__AVAILABLE DATA__.

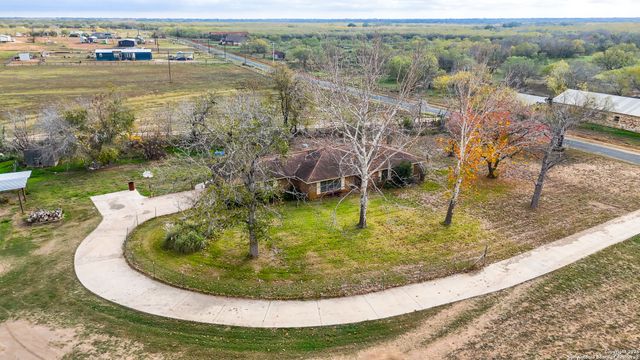 37 Dairy, Pleasanton, TX 78064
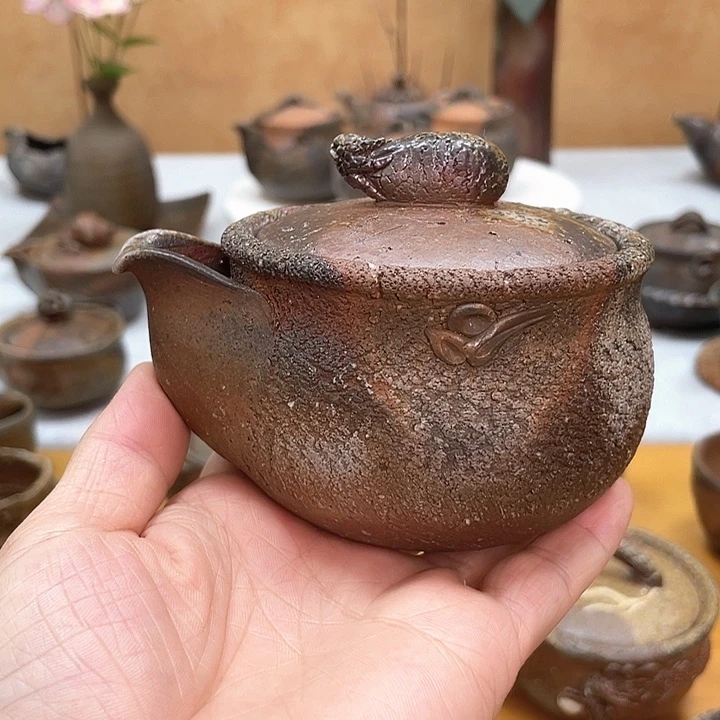 壶岩本哲也的宝瓶好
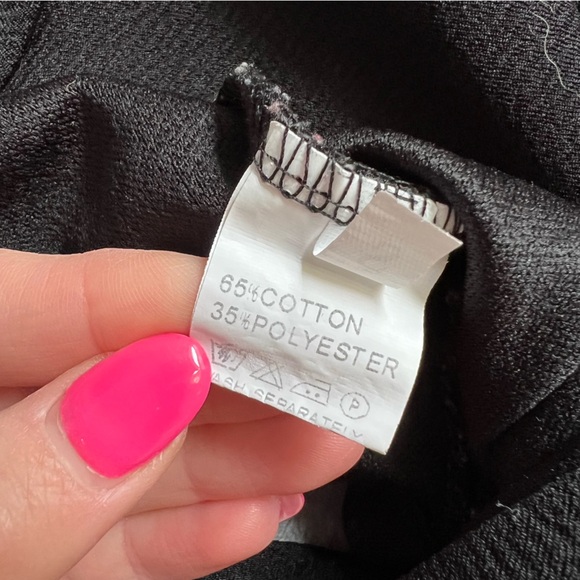 SHEIN BLACK V NECK CROPPED LONG SLEEVE TOP WITH BELL SLEEVES SIZE SMALL - Picture 7 of 8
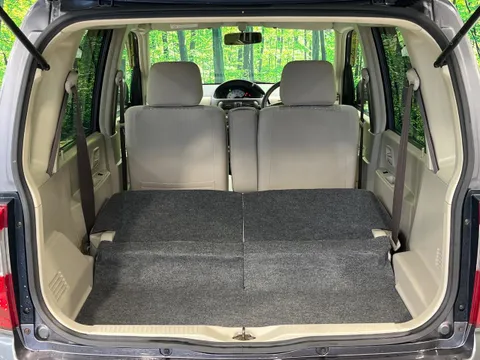 Nissan Otti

__WHAT TO DO__. Restate the whole listing exactly as written, minus the pictures.

__OUTPUT FOR THIS TASK__.
 37 Dairy, Pleasanton, TX 78064
 壶岩本哲也的宝瓶好
 SHEIN BLACK V NECK CROPPED LONG SLEEVE TOP WITH BELL SLEEVES SIZE SMALL - Picture 7 of 8
 Nissan Otti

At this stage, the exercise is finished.